The founder and president of a defunct Massachusetts mortgage company will spend nearly three years in prison after admitting to defrauding Ginnie Mae out of approximately $2.5 million.
Robert Pena pleaded guilty in 2017 to one count of conspiracy and six counts of wire fraud. Pena was the founder and president of Mortgage Security, a shuttered mortgage company based in Falmouth, Massachusetts.
According to the U.S. Attorney’s Office for the District of Massachusetts, Pena was sentenced this week to serve 32 months in prison, two years of supervised release, and ordered to pay $2.5 million in restitution to Ginnie Mae.
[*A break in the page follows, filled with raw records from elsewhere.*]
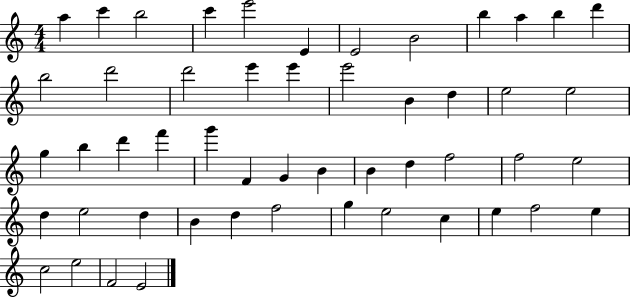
A5/q C6/q B5/h C6/q E6/h E4/q E4/h B4/h B5/q A5/q B5/q D6/q B5/h D6/h D6/h E6/q E6/q E6/h B4/q D5/q E5/h E5/h G5/q B5/q D6/q F6/q G6/q F4/q G4/q B4/q B4/q D5/q F5/h F5/h E5/h D5/q E5/h D5/q B4/q D5/q F5/h G5/q E5/h C5/q E5/q F5/h E5/q C5/h E5/h F4/h E4/h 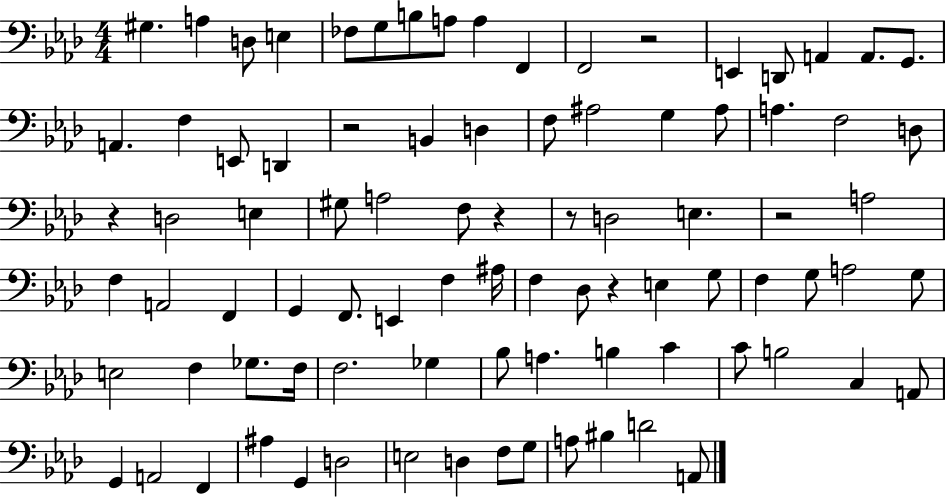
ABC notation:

X:1
T:Untitled
M:4/4
L:1/4
K:Ab
^G, A, D,/2 E, _F,/2 G,/2 B,/2 A,/2 A, F,, F,,2 z2 E,, D,,/2 A,, A,,/2 G,,/2 A,, F, E,,/2 D,, z2 B,, D, F,/2 ^A,2 G, ^A,/2 A, F,2 D,/2 z D,2 E, ^G,/2 A,2 F,/2 z z/2 D,2 E, z2 A,2 F, A,,2 F,, G,, F,,/2 E,, F, ^A,/4 F, _D,/2 z E, G,/2 F, G,/2 A,2 G,/2 E,2 F, _G,/2 F,/4 F,2 _G, _B,/2 A, B, C C/2 B,2 C, A,,/2 G,, A,,2 F,, ^A, G,, D,2 E,2 D, F,/2 G,/2 A,/2 ^B, D2 A,,/2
Pena was charged back in 2016 with diverting funds that should have gone to Ginnie Mae into accounts he controlled.
According to court documents, Mortgage Security was contracted with Ginnie Mae to pool eligible mortgages and then sell Ginnie Mae-backed mortgage bonds to investors.
As part of its role in the bond process, MSI serviced the loans in question.
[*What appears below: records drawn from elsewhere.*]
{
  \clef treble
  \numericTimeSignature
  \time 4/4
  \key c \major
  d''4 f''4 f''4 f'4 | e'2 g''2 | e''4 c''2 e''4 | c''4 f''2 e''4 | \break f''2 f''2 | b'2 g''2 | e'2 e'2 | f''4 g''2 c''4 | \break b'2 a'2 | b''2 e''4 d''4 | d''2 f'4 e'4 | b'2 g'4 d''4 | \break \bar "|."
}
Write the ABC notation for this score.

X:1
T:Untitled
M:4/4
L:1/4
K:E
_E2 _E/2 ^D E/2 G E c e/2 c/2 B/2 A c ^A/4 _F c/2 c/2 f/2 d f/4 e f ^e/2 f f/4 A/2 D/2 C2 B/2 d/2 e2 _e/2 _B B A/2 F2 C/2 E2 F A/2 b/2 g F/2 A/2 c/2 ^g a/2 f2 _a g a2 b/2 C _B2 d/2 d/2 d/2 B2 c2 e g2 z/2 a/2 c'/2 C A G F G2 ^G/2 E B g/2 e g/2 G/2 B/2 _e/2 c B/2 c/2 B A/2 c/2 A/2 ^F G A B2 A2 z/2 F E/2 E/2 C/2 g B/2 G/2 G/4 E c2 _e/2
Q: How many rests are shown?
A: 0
Court documents show that starting in 2011, Pena began diverting money borrowers sent to MSI into private bank accounts, which he then used to pay for personal and business expenses.
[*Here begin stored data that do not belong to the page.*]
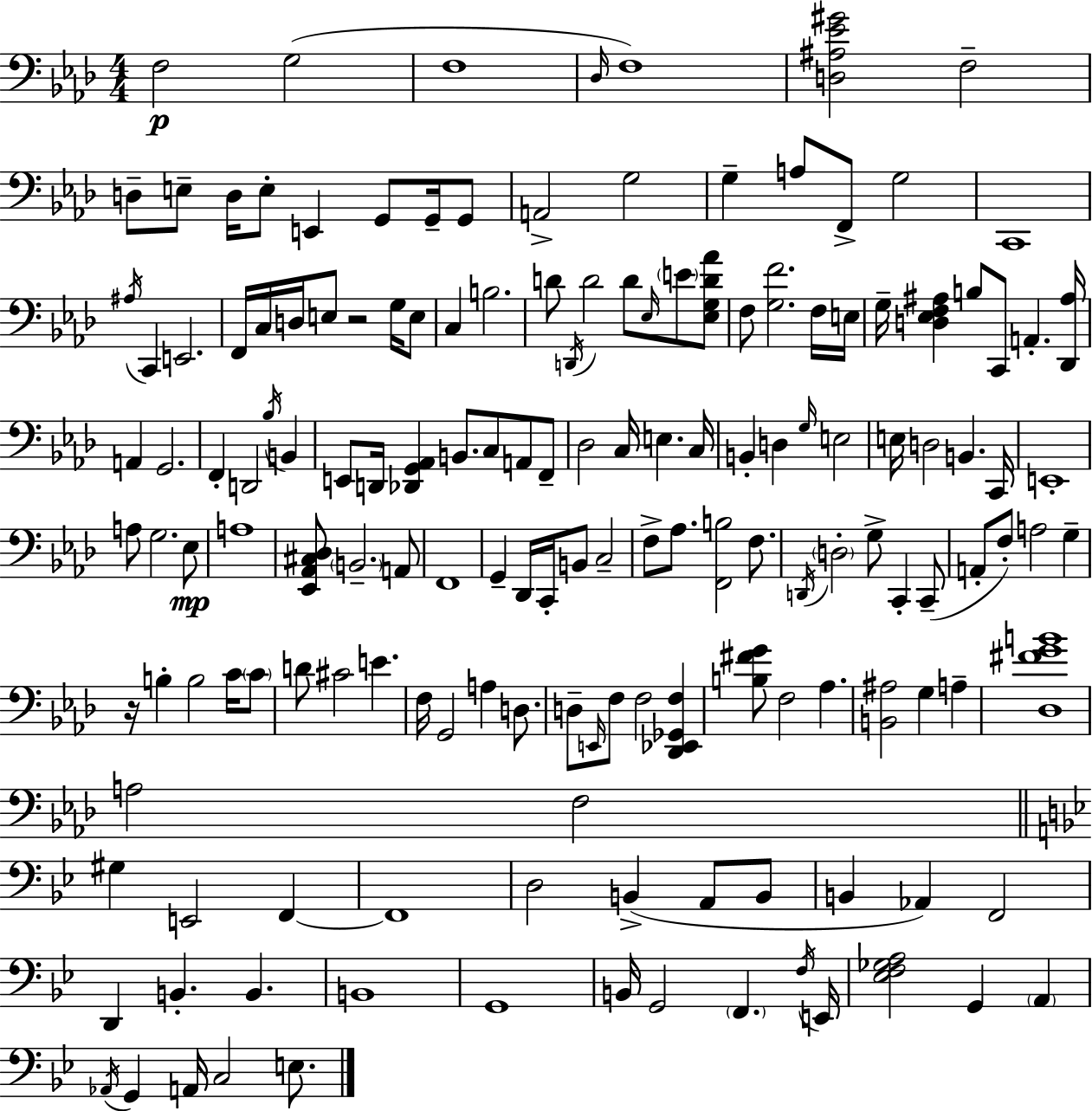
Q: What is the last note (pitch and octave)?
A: E3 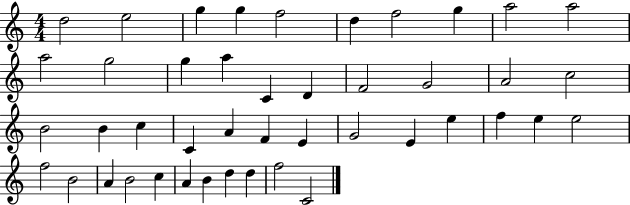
X:1
T:Untitled
M:4/4
L:1/4
K:C
d2 e2 g g f2 d f2 g a2 a2 a2 g2 g a C D F2 G2 A2 c2 B2 B c C A F E G2 E e f e e2 f2 B2 A B2 c A B d d f2 C2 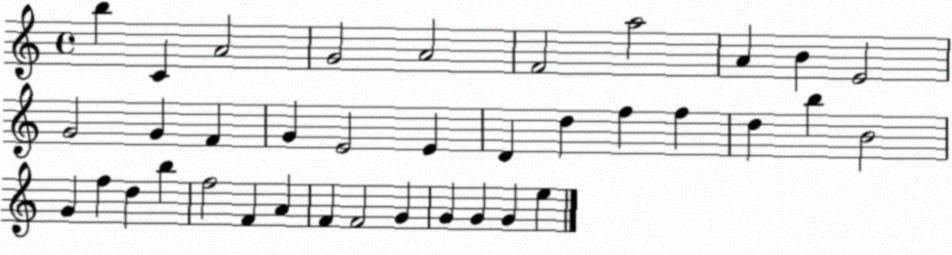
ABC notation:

X:1
T:Untitled
M:4/4
L:1/4
K:C
b C A2 G2 A2 F2 a2 A B E2 G2 G F G E2 E D d f f d b B2 G f d b f2 F A F F2 G G G G e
Specifically, Pena deposited “high-dollar, loan-payoff checks” into bank accounts he controlled. Pena also took borrowers’ escrow funds and mortgage-insurance premiums for his personal use.
As a Ginnie Mae servicer, MSI was also required to provide the agency with regular reports about the status of the mortgages in the pools, but Pena attempted to cover up the scheme by giving Ginnie Mae false reports about the mortgages in question. Those reports made it appear that the loans were still in repayment.
In all, Pena took approximately $2.5 million from borrowers, which Ginnie Mae then had to pay to investors in those mortgage bonds whose investments the agency guaranteed.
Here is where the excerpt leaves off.